I've waited enough to know I'm not waiting anymore, as eventually, for this to be feasible we need to fit in an upgrade window, so we'll rebuild our image, and create a new database to get started on.

So in our compose terminal

docker-compose build
docker-compose down

Then in psql

DROP DATABASE upgrade1;
CREATE DATABASE upgrade1 OWNER upgrade TEMPLATE upgrade_master;

Then back in our compose terminal.

docker-compose run --rm odoo -u all --workers=0 --stop-after-init

We notice again a big hold up on procurements, this time writing around 1m new mail messages. A check reveals that 99% of the messages are not only identical but also entirely pointless.  Adding 990,000 pointless messages to another table is only going to cause even more delays downstream so we add another SQL file and repeat.  Initially I added a file like this which dropped the messages to 3500 or so, but on reflection, the procurement model is going anyway and these messages aren't really necessary, so just set them all NULL instead.

#!/bin/bash

result="$(psql -qc 'UPDATE procurement_order SET message = NULL WHERE create_date < $$2018-03-31$$ AND message IS NOT NULL AND message != $$$$;' 2>&1)"
ok=$?
if [ $ok -eq 0 -a -z "$result" ]; then
log INFO Messages from old procurements removed
elif [ $ok -ne 0 ]; then
log WARNING Attempt to remove old procurement messages \
$PGDATABASE@$PGHOST failed with this message: $result
fi

result="$(psql -qc 'UPDATE procurement_order SET message = NULL WHERE message IN ($$Products reserved from stock.$$,$$from stock: products assigned.$$);' 2>&1)"
ok=$?
if [ $ok -eq 0 -a -z "$result" ]; then
log INFO Normal procurement messages removed
elif [ $ok -ne 0 ]; then
log WARNING Attempt to remove normal procurement messages \
$PGDATABASE@$PGHOST failed with this message: $result
fi

result="$(psql -qc 'UPDATE procurement_order SET message = NULL WHERE state = $$cancel$$ AND message IS NOT NULL AND message != $$$$;' 2>&1)"
ok=$?
if [ $ok -eq 0 -a -z "$result" ]; then
log INFO Messages from cancelled procurements removed
elif [ $ok -ne 0 ]; then
log WARNING Attempt to remove cancelled procurement messages \
$PGDATABASE@$PGHOST failed with this message: $result
fi

In any case, these messages are non essential and can be progressively restored later by a shell script.  So I just drop the column and readd it.

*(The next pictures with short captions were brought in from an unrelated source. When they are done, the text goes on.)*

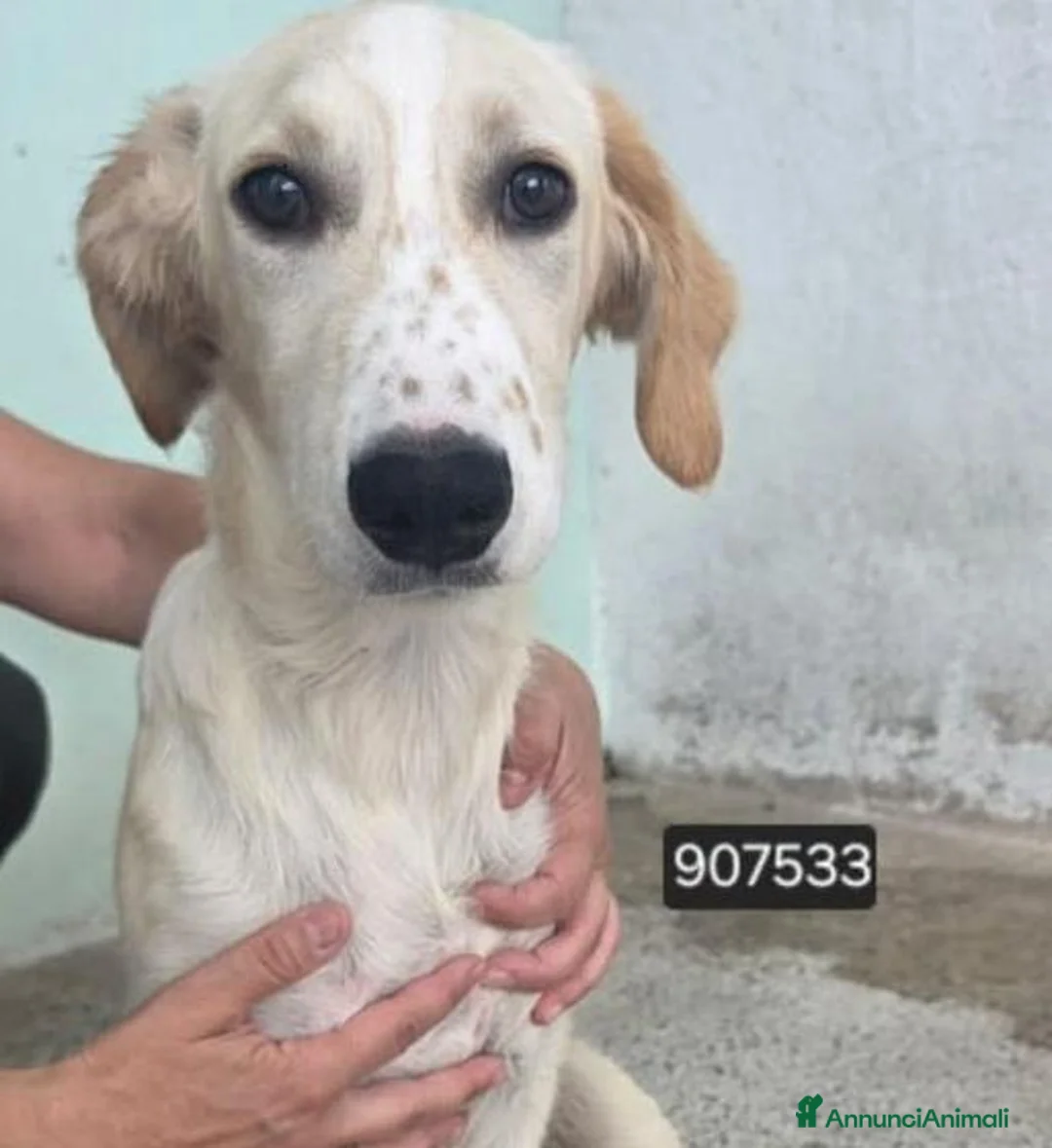 Meticcio cani in regalo: Miuccia - Annuncio 1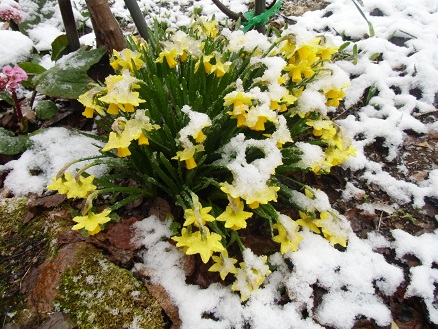 20130421雪とスイセン.jpg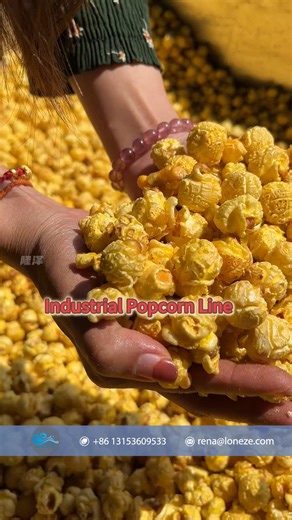 Factory Supply Popcorn Making Machine,Industrial Popcorn Machine,Automatic Popcorn Production Line Our popcorn machine can produce any flavored popcorn directly,no need for other flavor coating machine. We have different heating methods&capacities popcorn machine for your reference. We also support customization. Contact us for the quote: WeChat/WhatsApp: 86 13153609533 E-mail:rena@loneze.com Best regards, Rena #popcorn #POPCORNMACHINE #popcorn🍿 #snackmachine #caramelpopcorn #popcorncaramel #mu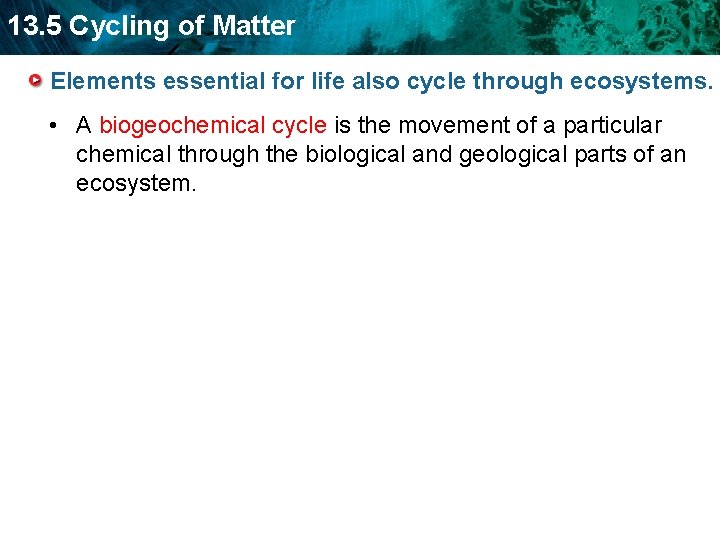 13. 5 Cycling of Matter Elements essential for life also cycle through ecosystems. •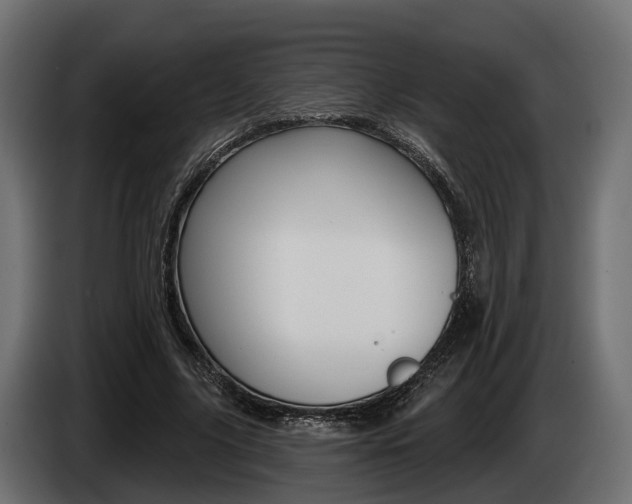 X0000085020635200703050938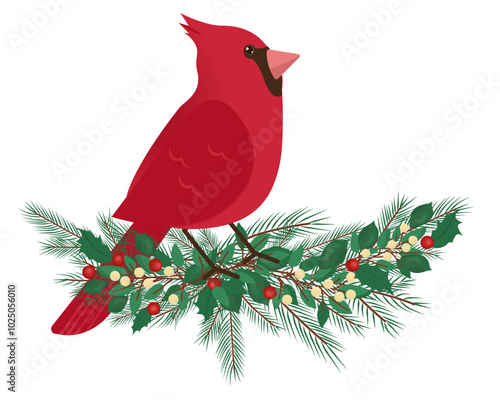 Hand drawn vector illustration of bird Red Cardinal. Winter illustration. Birds sitting on a tree. For cards, invitations, posters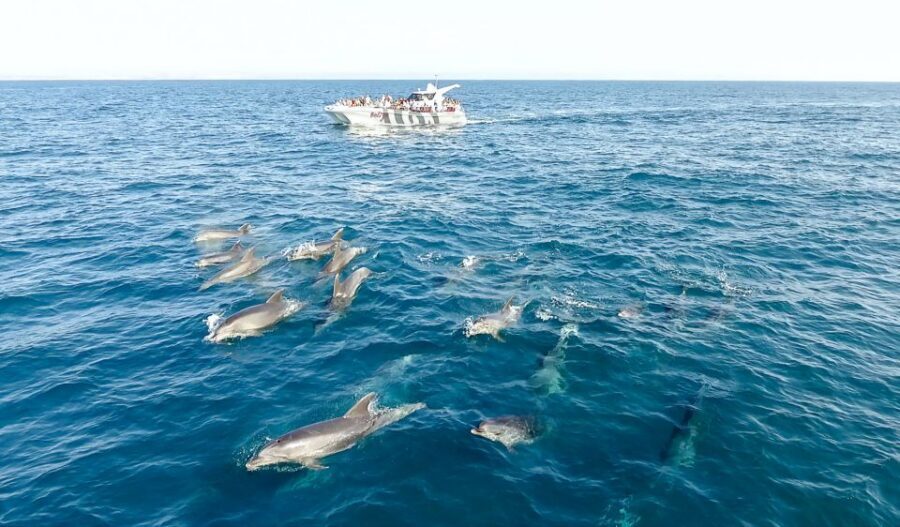 From Albufeira: Dolphins and Caves 2.5-Hour Boat Trip - Price and value: why $34 can feel fair (or not)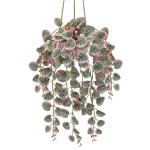 Hangende , decoratieve planten in pot, kunstplant hangende eucalyptus, plastic planten hartblad voor slaapkamer, woonkamer, kantoor, decoratie #6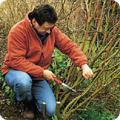 Pruning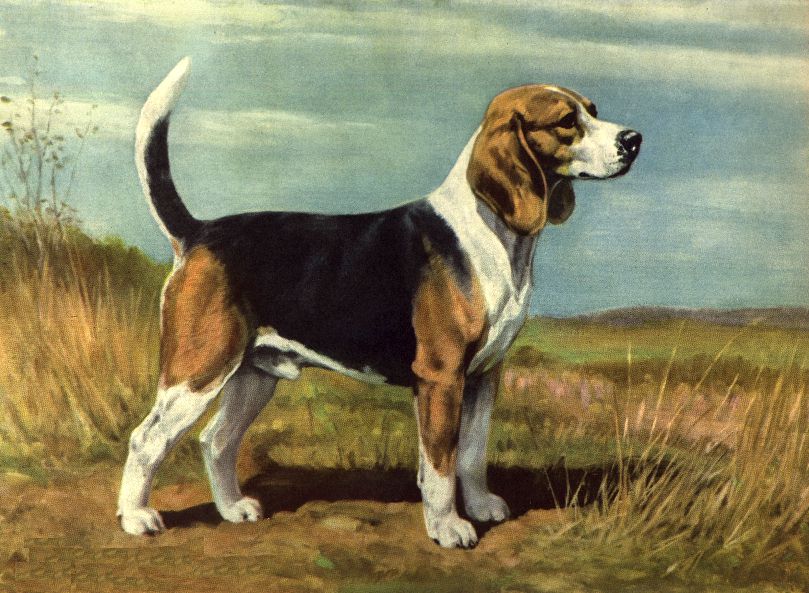 Image result for beagle painting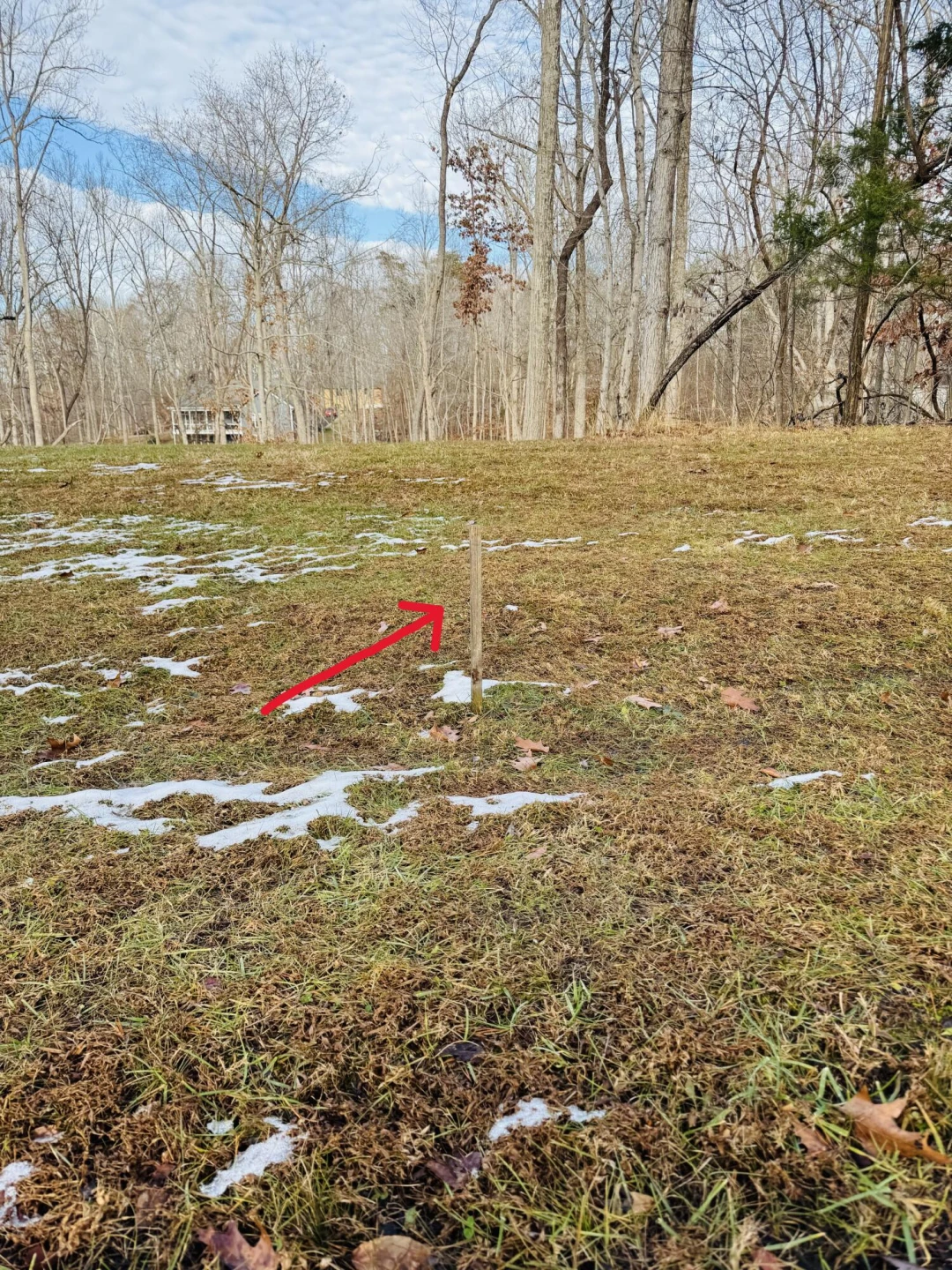 Lot 55 Ridgeway CT - Photo 3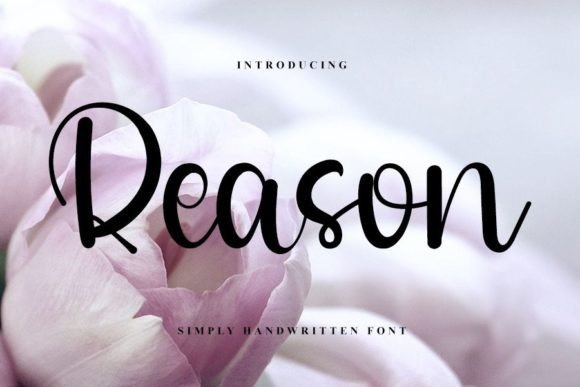 Reason: A Script That Balances Flow and Function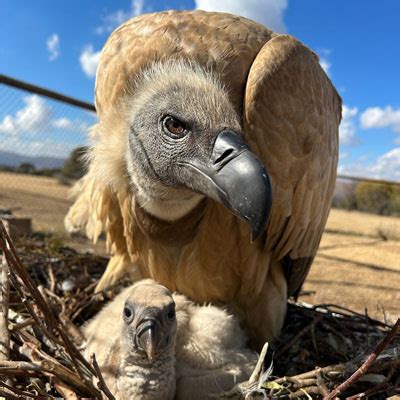 Africa’s largest vulture relocation project gets the green light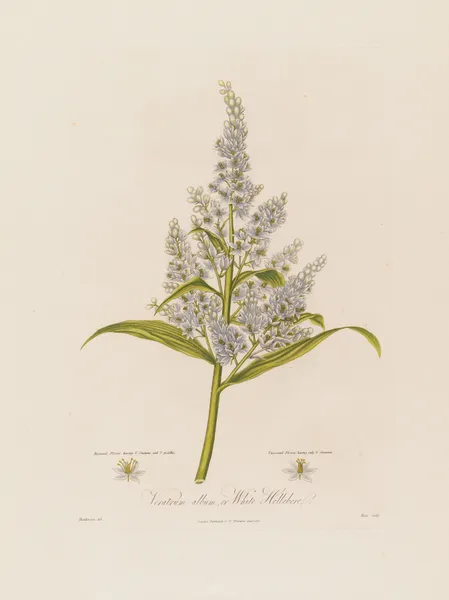 Veratrum album, or White Hellebore av Robert John Thornton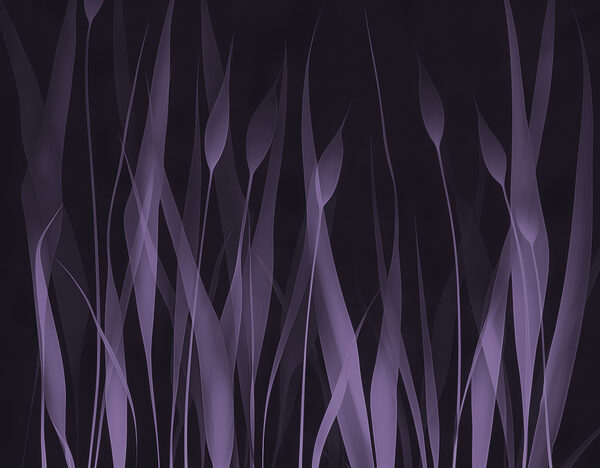 Purple grass with white lines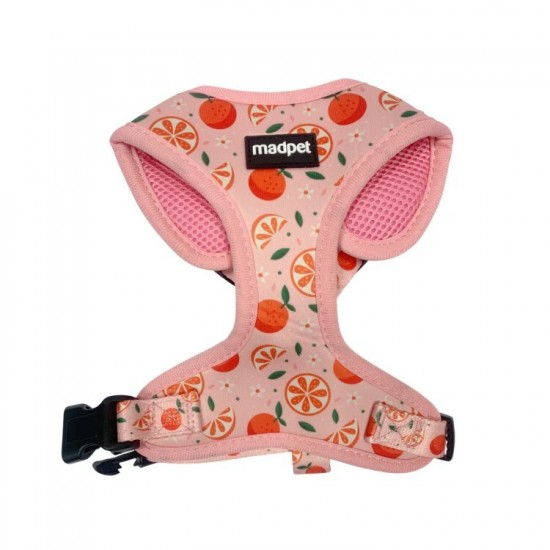 MADPET ΣΑΜΑΡΑΚΙ ΣΚΥΛΟΥ MANDARIN XSmall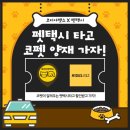 위더스 펫 이미지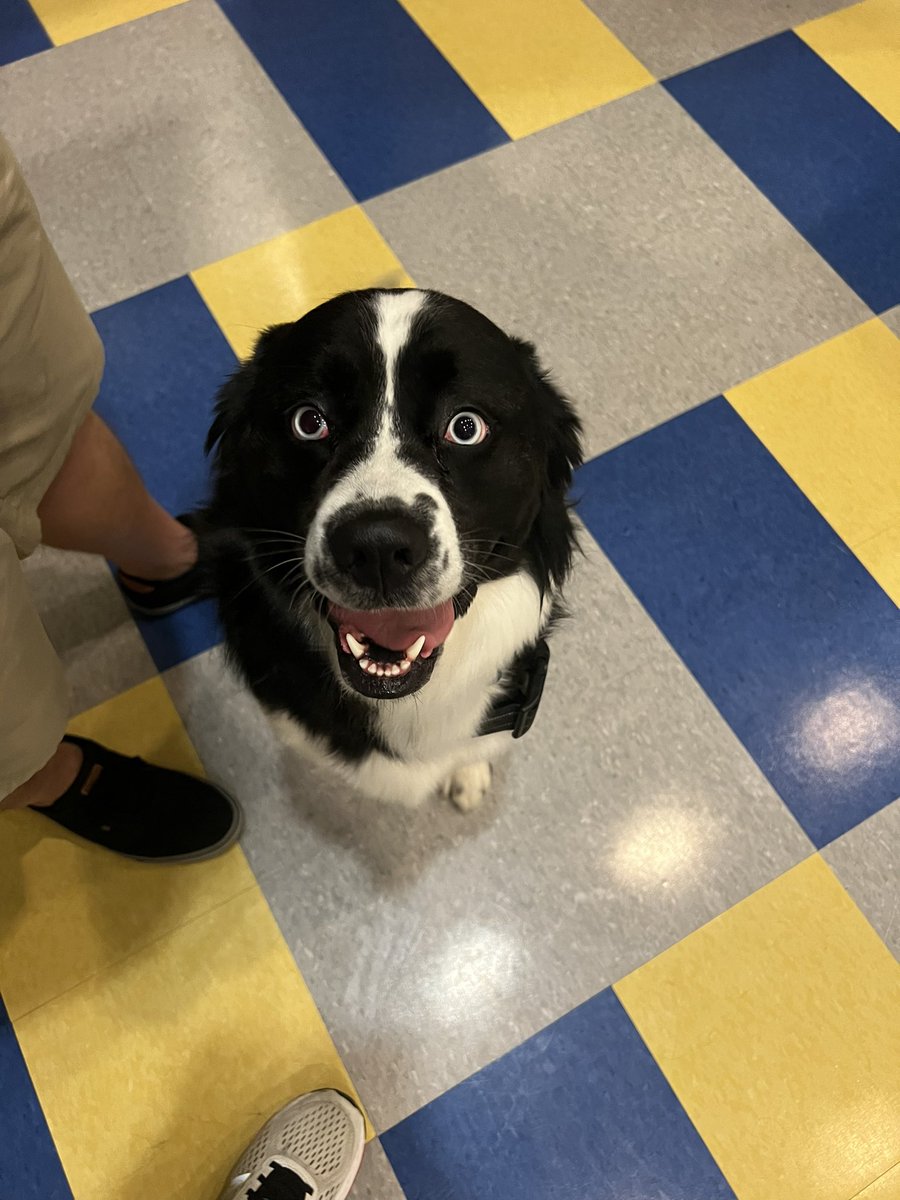 odalysg55's tweet photo. I ain’t jokin….only doggo content today #NationalDogDay https://t.co/LkHXxlizYr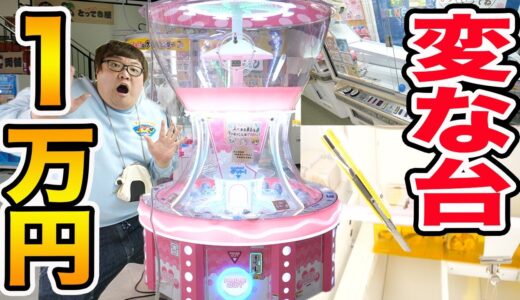 【全種類】１万円で特殊なクレーンゲームを全種類攻略できるまで帰れません!!!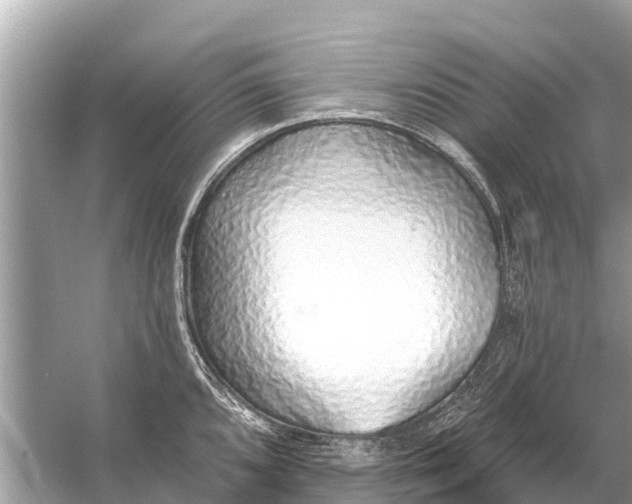 X0000056031096200509170030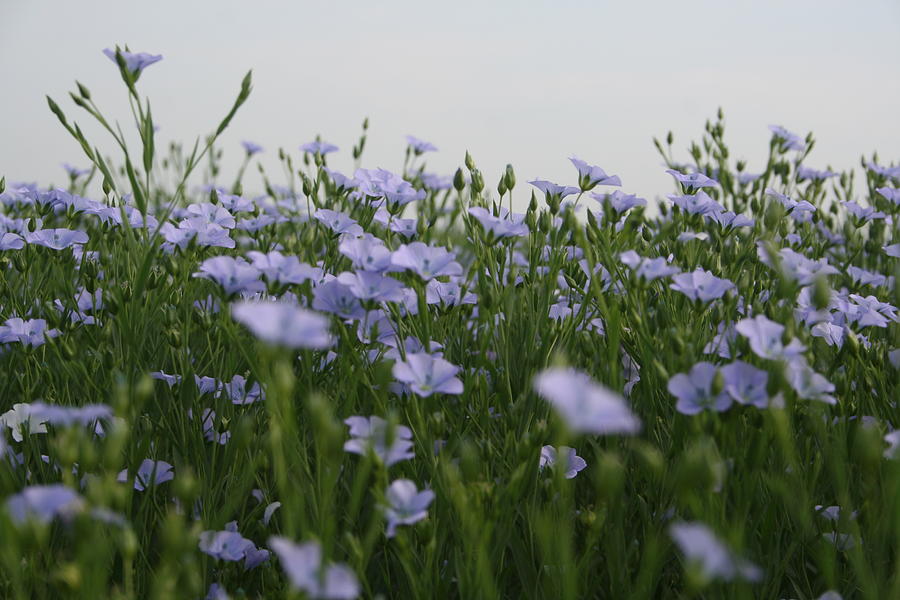 Flax V Photograph by Dylan Punke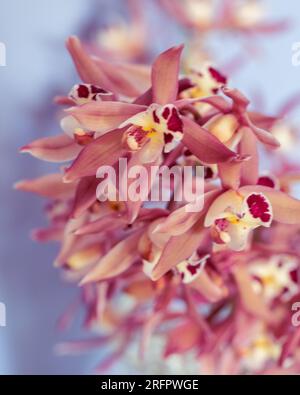 Cymbidium Orchideenblüten, viele Nahaufnahmen, rosafarbene Blütenblätter, blauer, malvenfarbener, verschwommener Hintergrund, herrliche natürliche Schönheit Stockfoto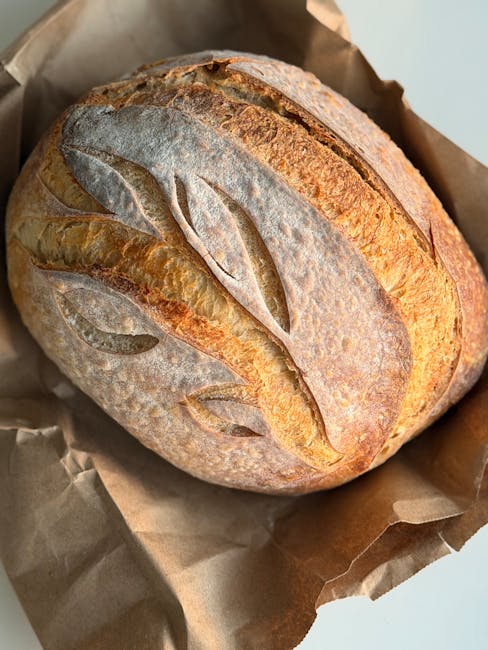 Pain au levain : mon guide complet pour démarrer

So end of Day 3 and still no completed upgrade for even one version. But we've cut hours off the eventual upgrade with procurement message and identified where the first big problems will be.  After 1 last restart, I notice now it is hung up in the post migration of the account module.  A check reveals it is in setting message_last_post which uses an openupgradelib function.  A check of the function and it looks very easy to port to SQL.  In the time to fork the lib, test the SQL it is still stuck here after 90 minutes, so we update pip.txt of our scaffolding to use the forked version and rebuild the image.  Account is now migrating in 9 minutes, vs the 90 it was at when I killed it.

As the upgrade is going on, lots of little data inconsistencies and warnings are being picked up which we'll address tomorrow.